Loosely based on Homer’s The Odyssey, Marshmallow Laser Feast’s light installation lit the primary performance space within the chapel’s hazy internal dome. Grid-like projections crossed with mobile structures (designed by the architectural practice Studio Weave) as agile bodies crept over, in and through the many lit towers and surfaces. This first act was seen by the audience from the left and right balconies above. The second act, down flights of rope-lined staircases in the concrete basement, was more disorienting, lit only with triangular neon tubing and an eerie glow that seeped from an open door. The style of dance, in keeping with the more rapid and percussive score, by Canadian composer Christopher Mayo and electronic music composer / performer Anna Meredith, confronted the audience and was staged without boundaries dividing the dancers (some of whom were in street clothes) and viewers.
Subsequent acts included a spinning mirror-centric piece that toyed with reality, altering the circular form with careful lighting to flip between a reflective and semi-transparent surface, and an act that brought the spinning architectural structures together to form an artistic interpretation of a ship’s ribcage and sail. The final scene, once again in the venue’s hull, falls in line with The Odyssey’s conclusion and sees Penelope and Odysseus reunited in dance.

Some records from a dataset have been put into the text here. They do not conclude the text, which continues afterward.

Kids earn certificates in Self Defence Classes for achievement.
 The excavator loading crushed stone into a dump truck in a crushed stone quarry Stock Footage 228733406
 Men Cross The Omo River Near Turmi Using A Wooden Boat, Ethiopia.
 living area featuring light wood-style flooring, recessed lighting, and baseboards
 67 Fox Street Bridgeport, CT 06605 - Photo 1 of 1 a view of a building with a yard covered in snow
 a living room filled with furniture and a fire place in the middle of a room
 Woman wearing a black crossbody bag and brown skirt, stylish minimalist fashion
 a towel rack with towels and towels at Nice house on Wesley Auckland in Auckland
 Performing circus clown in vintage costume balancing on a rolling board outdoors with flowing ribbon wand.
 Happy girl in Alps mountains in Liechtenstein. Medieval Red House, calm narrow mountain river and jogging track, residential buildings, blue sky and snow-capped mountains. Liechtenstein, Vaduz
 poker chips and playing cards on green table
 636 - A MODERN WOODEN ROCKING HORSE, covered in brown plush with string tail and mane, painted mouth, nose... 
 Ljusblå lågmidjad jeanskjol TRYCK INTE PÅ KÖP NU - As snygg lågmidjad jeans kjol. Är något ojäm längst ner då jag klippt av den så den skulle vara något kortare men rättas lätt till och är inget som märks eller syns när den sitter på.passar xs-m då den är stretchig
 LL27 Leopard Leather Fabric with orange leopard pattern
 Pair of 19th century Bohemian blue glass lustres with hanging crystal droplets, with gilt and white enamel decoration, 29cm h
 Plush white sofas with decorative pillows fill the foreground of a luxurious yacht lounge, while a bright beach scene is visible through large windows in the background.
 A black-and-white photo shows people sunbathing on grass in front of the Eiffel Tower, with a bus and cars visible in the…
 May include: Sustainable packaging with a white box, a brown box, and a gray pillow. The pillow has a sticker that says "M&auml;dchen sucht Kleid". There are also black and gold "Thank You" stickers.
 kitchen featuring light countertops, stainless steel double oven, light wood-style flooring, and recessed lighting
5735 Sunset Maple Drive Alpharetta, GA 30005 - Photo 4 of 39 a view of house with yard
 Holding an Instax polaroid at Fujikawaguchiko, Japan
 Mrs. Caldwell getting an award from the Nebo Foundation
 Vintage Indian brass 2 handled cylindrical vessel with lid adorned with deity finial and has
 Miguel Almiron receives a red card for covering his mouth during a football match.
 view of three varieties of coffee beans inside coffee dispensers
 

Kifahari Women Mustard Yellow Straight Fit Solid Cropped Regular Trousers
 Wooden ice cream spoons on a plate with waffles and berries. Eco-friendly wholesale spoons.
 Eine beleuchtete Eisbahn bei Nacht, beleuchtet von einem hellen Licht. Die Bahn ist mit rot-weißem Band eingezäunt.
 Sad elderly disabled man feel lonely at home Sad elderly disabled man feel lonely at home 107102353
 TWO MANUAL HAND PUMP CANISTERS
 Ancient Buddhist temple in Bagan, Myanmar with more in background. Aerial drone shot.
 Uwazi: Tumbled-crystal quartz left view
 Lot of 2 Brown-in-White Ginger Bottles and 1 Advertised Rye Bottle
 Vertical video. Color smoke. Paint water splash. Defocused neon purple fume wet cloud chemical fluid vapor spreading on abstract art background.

Principal dancer / producer Malgorzata Dzierzon said that the choreography ‘responds to the building, to its history’, a statement which rang true throughout. The dancing was exemplary yet the impact of the choreography came from the space, the voyeuristic feeling given to the audience on their individual adventures through the building in the penultimate act – to experience a bay of pigs; a room filled with beanbags for viewing animator Filipe Alçada’s dripping flowers projected on the ceiling; and a piece where a dancer was trapped like a fly within lengths of elastic.